-- Opening Marker --
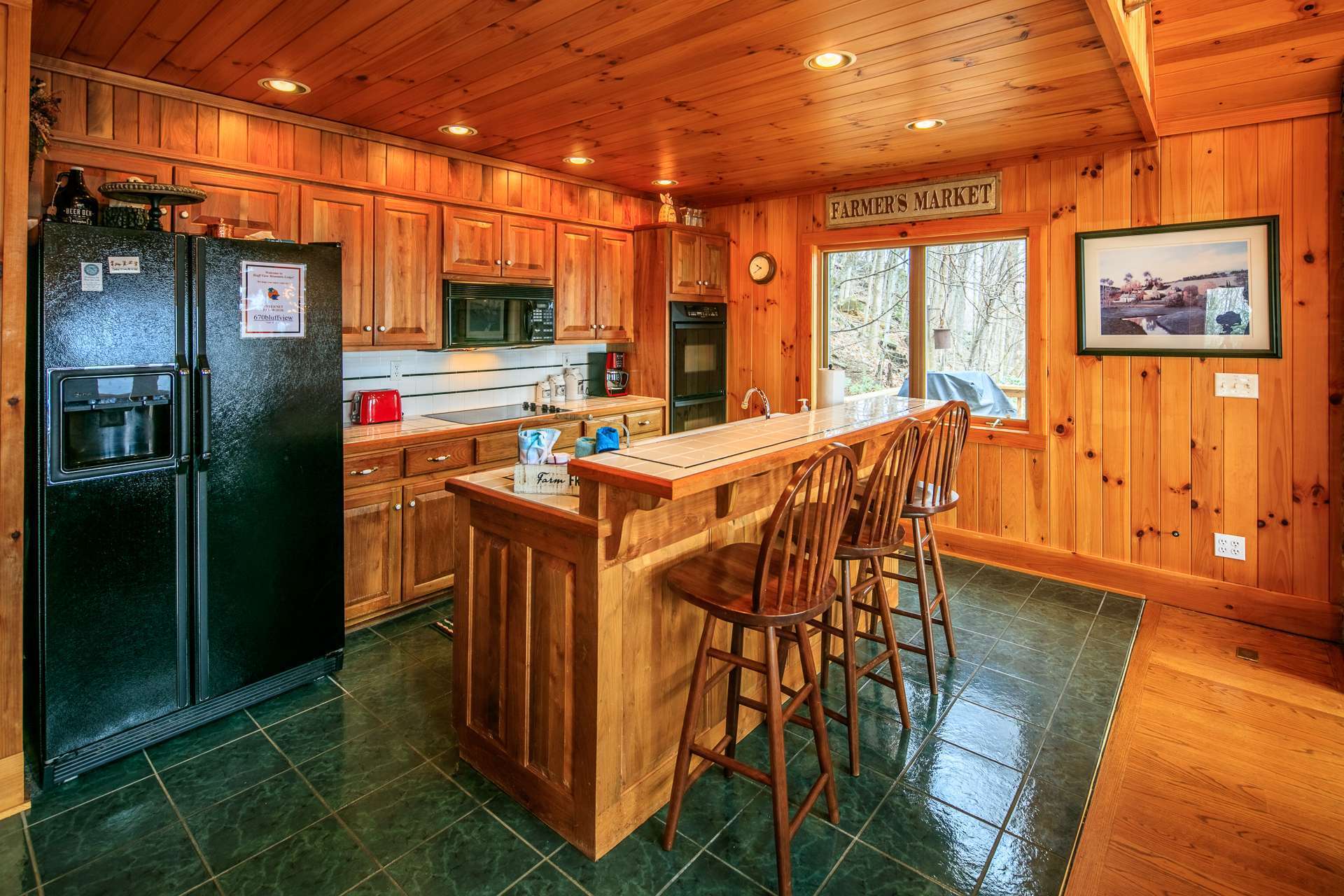 The kitchen features ceramic tiled floor and plenty of  work and storage space that includes a bar with seating.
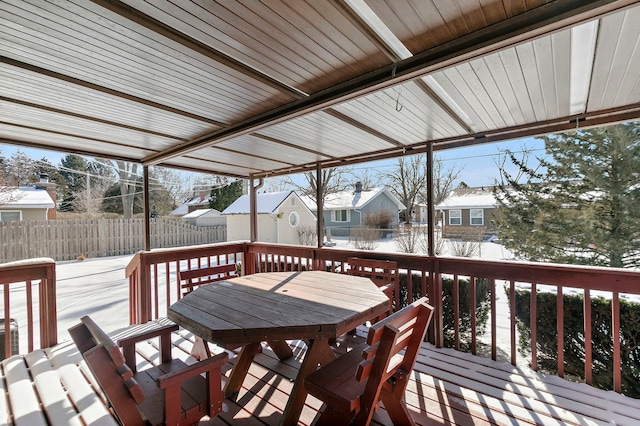 snow covered deck featuring a residential view, fence, and outdoor dining space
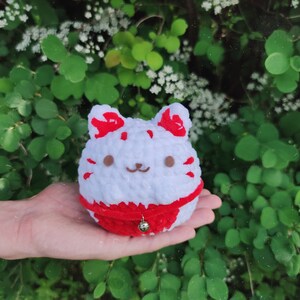 May include: White crocheted cat plush toy with red ears and a red velvet collar with a bell. The toy is sitting in a hand.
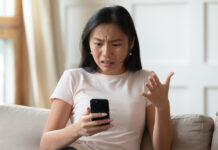 Scammers kick off Fire Horse year, with Millennials and Gen Z most at risk Mad Asian woman sitting on a couch while holding her smartphone.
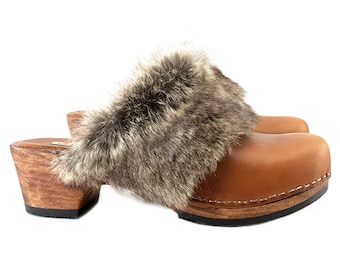 May include: Brown leather clogs with a wooden heel and a gray fur trim around the top.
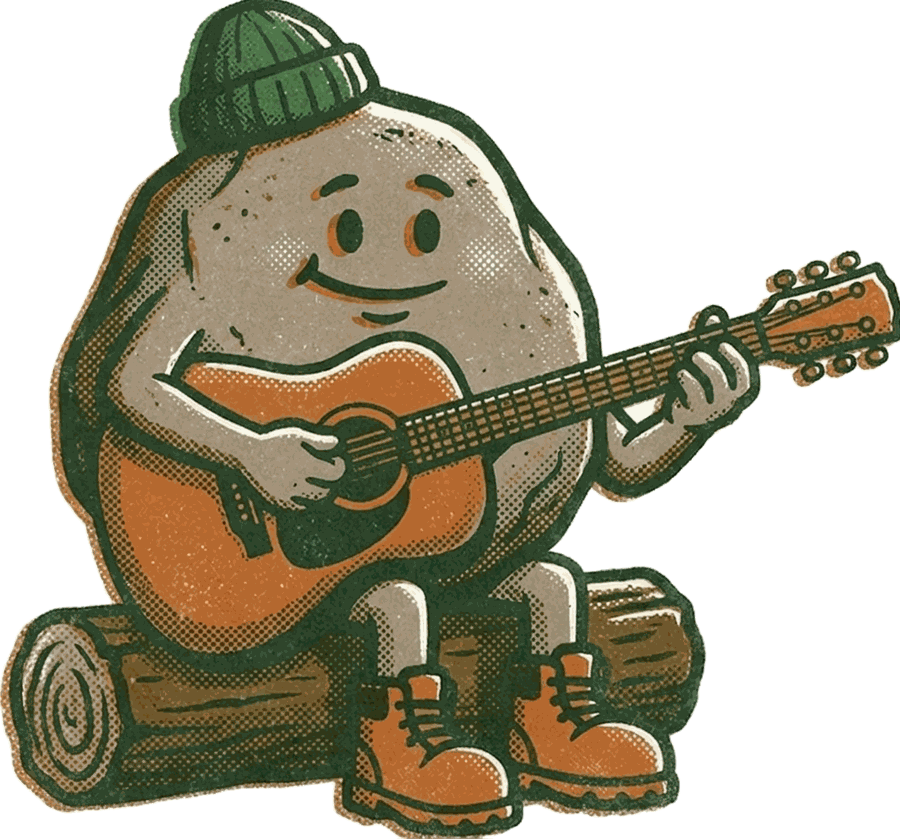 Barry Boulder sitting on a log playing an acoustic guitar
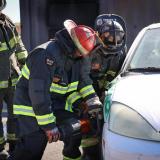 Congressman Horsford dressed as a firefighter using the "jaws of life" 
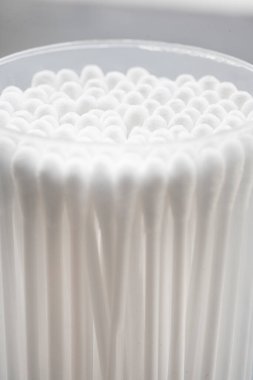 Beyaz pamuklu kulak temizleme tomurcukları beyaz arka planda konteynırda güzelce yerleştirilmiş.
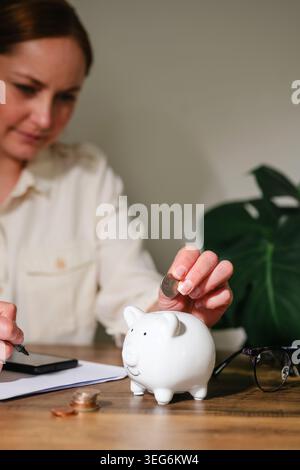 Persönliches Finanzierungskonzept mit einer Frau, die Münzen in eine Sparkasse steckt Stockfoto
-- Closing Marker --
TASK TO COMPLETE
Restate the data above word for word, omitting every picture.

ANSWER FOR THIS EXERCISE
 The kitchen features ceramic tiled floor and plenty of  work and storage space that includes a bar with seating.
 snow covered deck featuring a residential view, fence, and outdoor dining space
 May include: White crocheted cat plush toy with red ears and a red velvet collar with a bell. The toy is sitting in a hand.
 Scammers kick off Fire Horse year, with Millennials and Gen Z most at risk Mad Asian woman sitting on a couch while holding her smartphone.
 May include: Brown leather clogs with a wooden heel and a gray fur trim around the top.
 Barry Boulder sitting on a log playing an acoustic guitar
 Congressman Horsford dressed as a firefighter using the "jaws of life" 
 Beyaz pamuklu kulak temizleme tomurcukları beyaz arka planda konteynırda güzelce yerleştirilmiş.
 Persönliches Finanzierungskonzept mit einer Frau, die Münzen in eine Sparkasse steckt Stockfoto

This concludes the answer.